Captioned web images
********************

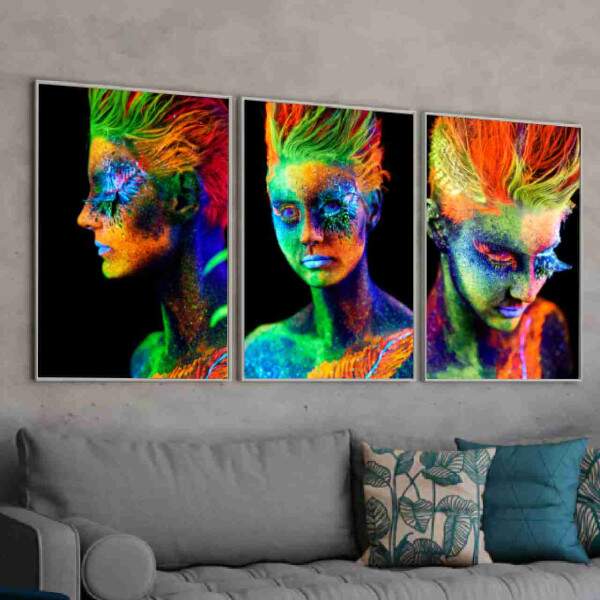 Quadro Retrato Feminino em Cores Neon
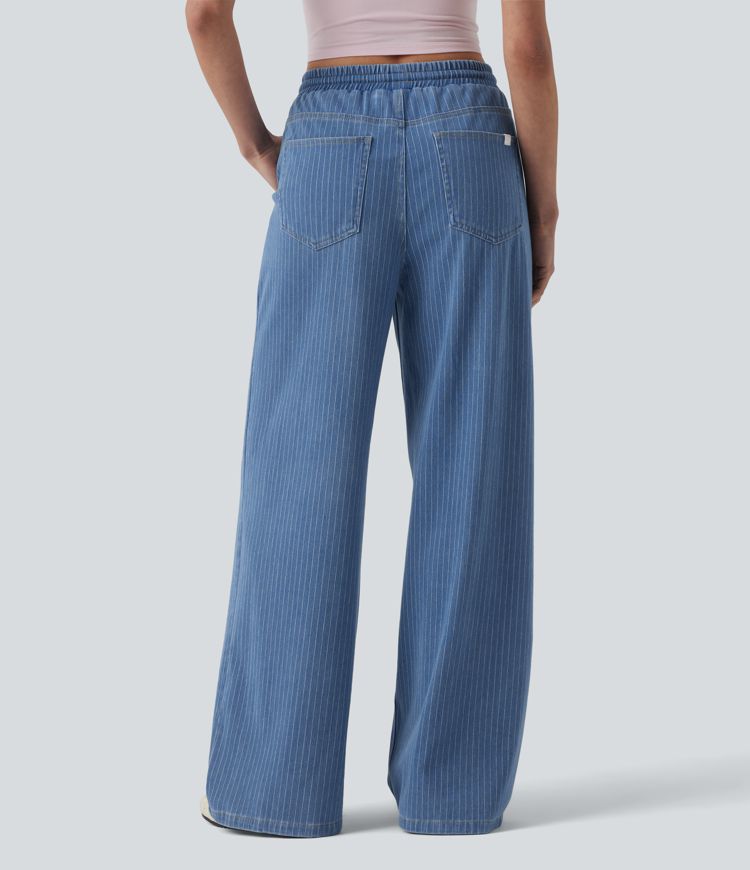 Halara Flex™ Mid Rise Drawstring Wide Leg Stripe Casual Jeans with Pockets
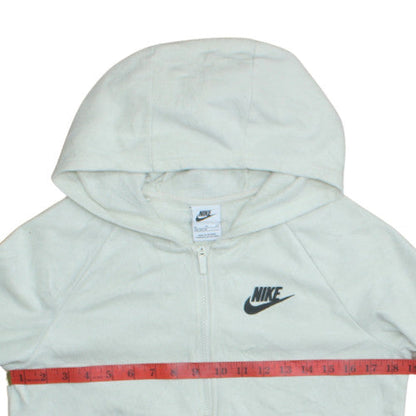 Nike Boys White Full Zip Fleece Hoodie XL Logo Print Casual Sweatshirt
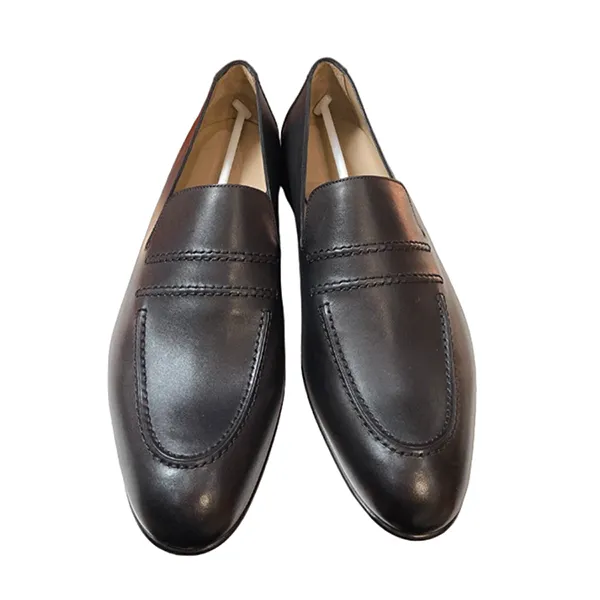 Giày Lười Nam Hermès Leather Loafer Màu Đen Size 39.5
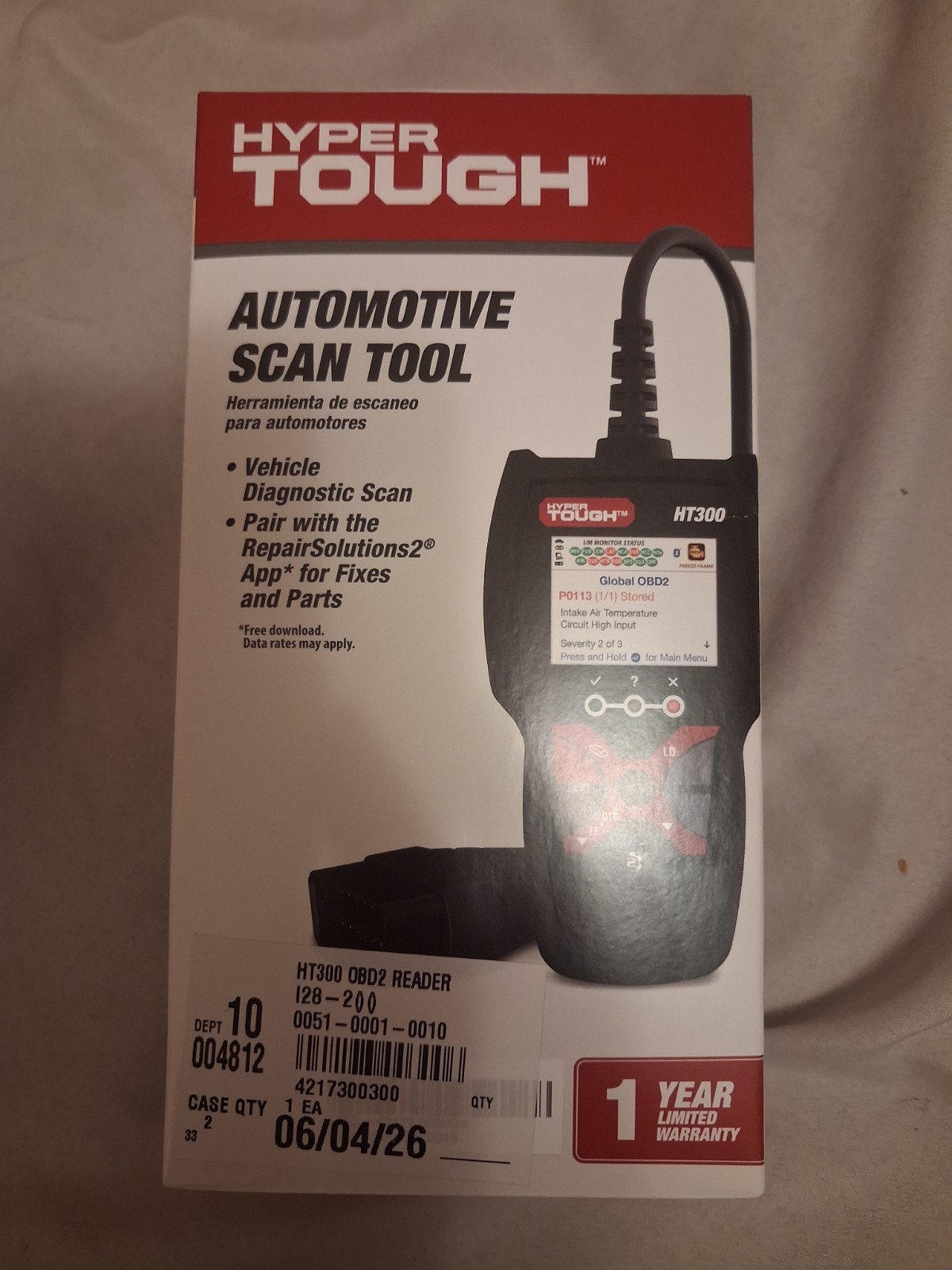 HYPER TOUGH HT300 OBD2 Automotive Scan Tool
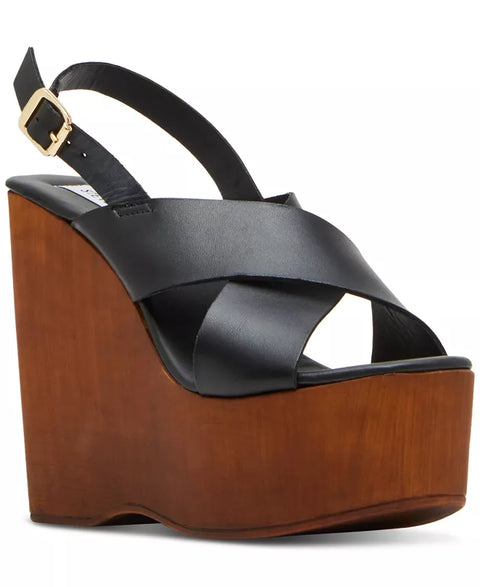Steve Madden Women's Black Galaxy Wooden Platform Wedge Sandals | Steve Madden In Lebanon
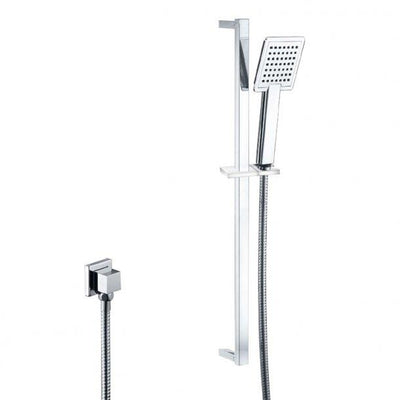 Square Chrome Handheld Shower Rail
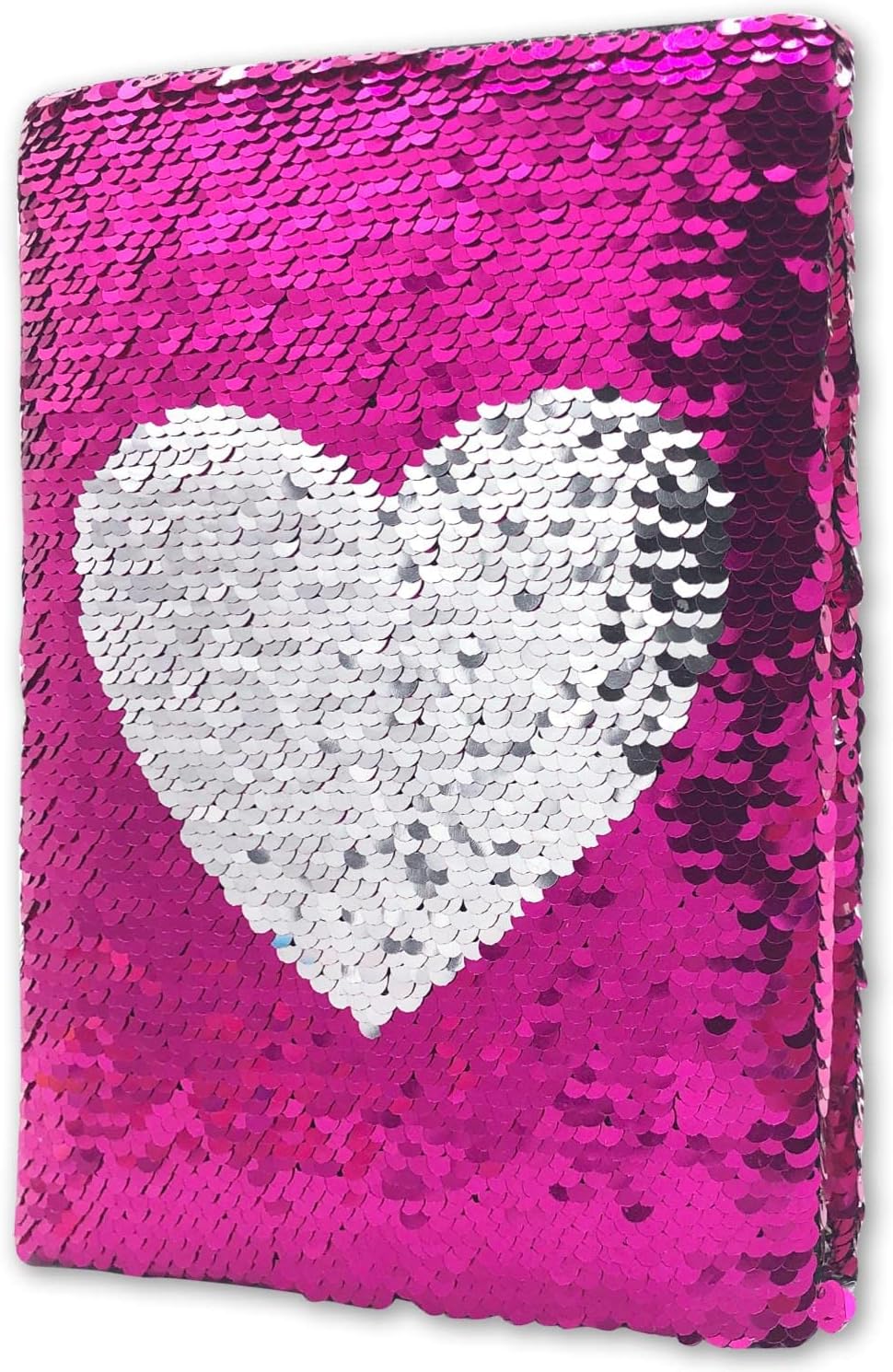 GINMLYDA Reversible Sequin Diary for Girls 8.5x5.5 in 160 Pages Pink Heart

********************

**Prompt:** Pictures stay out; reproduce exactly the lines from the one containing "Steve Madden Women's" through the end of the data.

**Exercise output:**
Steve Madden Women's Black Galaxy Wooden Platform Wedge Sandals | Steve Madden In Lebanon
 Square Chrome Handheld Shower Rail
 GINMLYDA Reversible Sequin Diary for Girls 8.5x5.5 in 160 Pages Pink Heart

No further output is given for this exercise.